Ugandan security forces have arrested a writer and a television news anchor over posts they allegedly wrote on social media related to the coronavirus pandemic. Author Kakwenza Rukirabashaija appeared in court Monday, charged with committing an act that could spread the virus. Police also detained TV anchor Samson Kasumba as he left work and say he is under investigation.
Kakwenza was arrested Monday by a team of operatives from the Chieftaincy of Military Intelligence who stormed his home in Iganga district, Eastern Uganda.
Kakwenza is the author of a satirical book titled The Greedy Barbarian, which most readers see as a comment on the president, Yoweri Museveni.
After his arrest, he appeared before a Grade One Magistrate Court in Iganga and was charged with conducting an act likely to spread a disease.
He is accused of posting a Facebook message on April 6 that allegedly urged the public not to comply with public health guidelines issued to prevent the spread of COVID-19.
In the message, Kakwenza posted a picture taken inside a market, showing how people in Iganga were ignoring government guidelines on social distancing.
The message suggested the president needs to “be serious” about enforcing directives, and said, “If the country plunges into the abyss of famine … never blame coronavirus but yourself and bigoted methods.”
Eron Kiiza, Kakwenza’s lawyer, spoke to VOA via Whatsapp.
“They produced him in court, but now not in Kampala, in Iganga and he was remanded up to 6th May. They refused him the chance to make his bail application yesterday and he has some torture marks, especially on his feet. But, we are happy that he’s at least from military detention to civil detention,” said Kiiza.
In a separate incident, police arrested a Kampala television anchor, Samson Kasumba, as he left his TV station Monday night.
Police spokesman Fred Enanga spoke about the arrest on Tuesday.

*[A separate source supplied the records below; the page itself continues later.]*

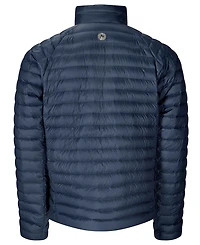 Marmot Men's Hype Down-Zipper Jacket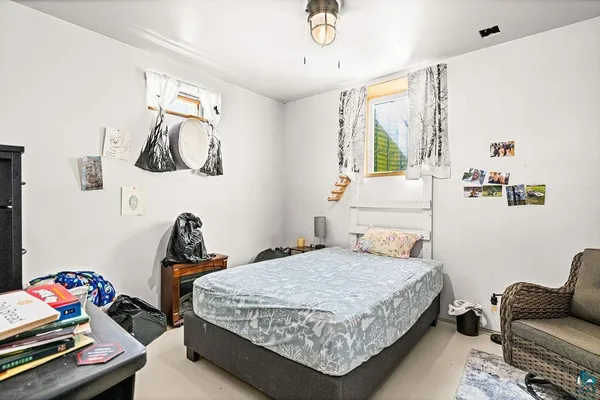 $565,000 | 74845 Airport Road, Iron River, WI 54847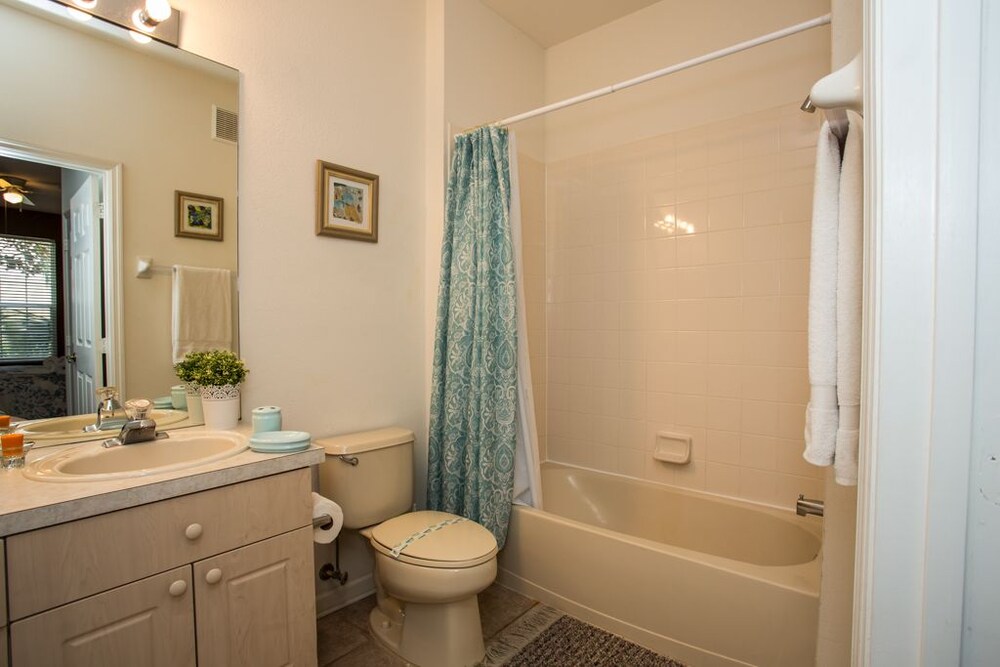 Windsor Palms Resort 8101 Three Bedroom Villa - photo 29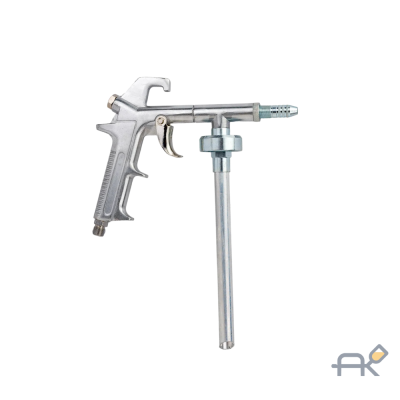 Пистолет для нанесения защитного покрытия Remix PS-5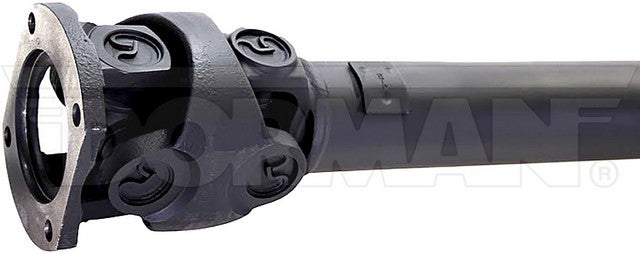 Drive Shaft Dorman-OE Solutions 976-827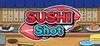 Sushi Shot para Ordenador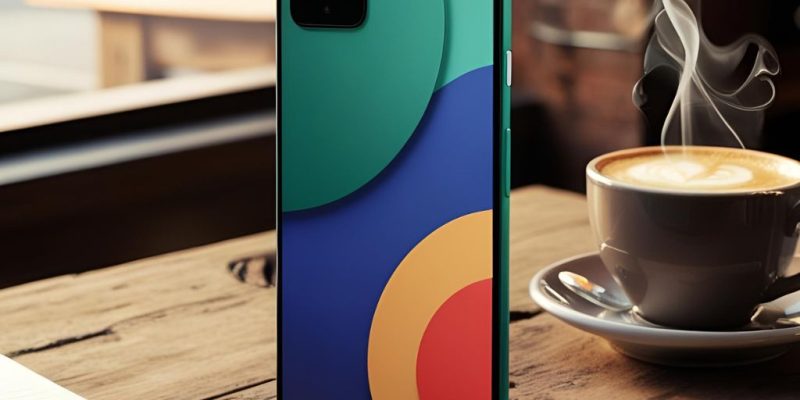 iPhone 15 Pro Max vs Pixel 9 quel est le meilleur photophone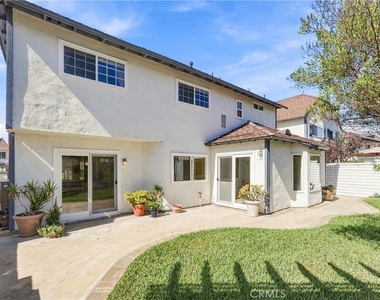 28172 Bluebell Drive - Photo Thumbnail 8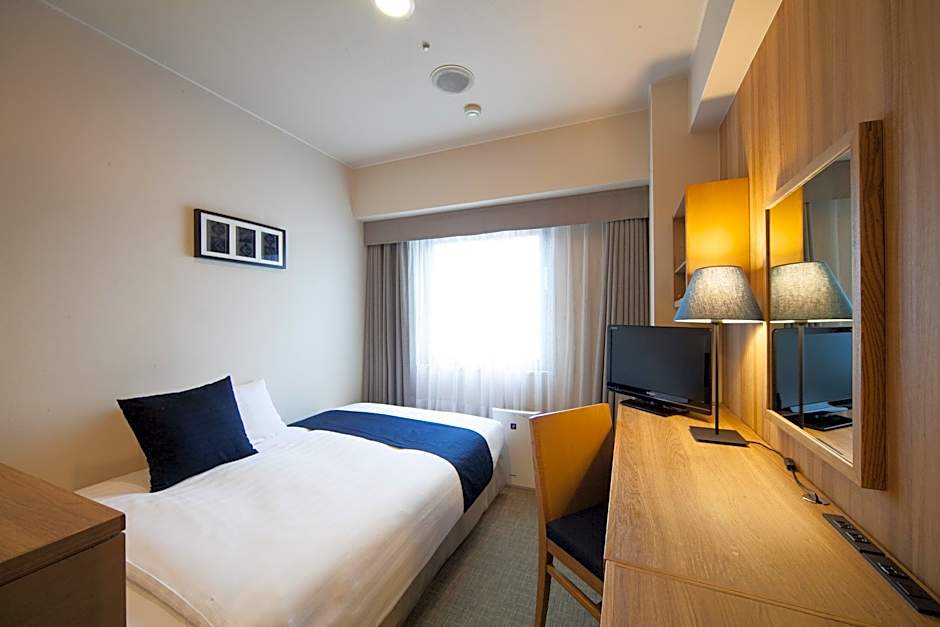 Hotel St Palace Kurayoshi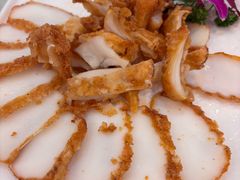 -四海之家(蛇口店)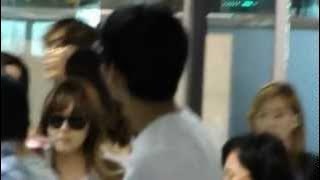 [My son][120610]AP comeback[JinRoee]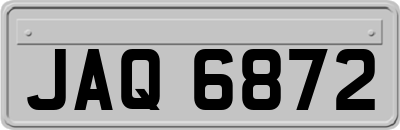 JAQ6872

“He’s a subject of investigation and it’s not connected in any way to his journalistic work. But, he’s being investigated together with others for alleged subversive activities,” he said.
The spokesman did not specify what the alleged activities were. Over the weekend, Kasuma posted a Facebook message about the coronavirus that appeared to be non-controversial. The message said recoveries have surpassed active cases in Uganda, and asked if Uganda was the first country to accomplish this.
Arnaud Froger, head of the Africa desk for media advocacy group Reporters Without Borders, said the group has recorded 65 press freedom violations in sub-Saharan Africa since the start of the coronavirus crisis.
He said authorities in multiple countries are trying to make journalists stick to the government line on the pandemic.
“Because they are afraid that independent information may get out. They are afraid that their official discourse may not be what corresponds to the facts that journalists are finding independently,” said Froger.
Reporters Without Borders insists correct information is essential in the fight against the pandemic and has called on governments to make the media their ally, not an enemy.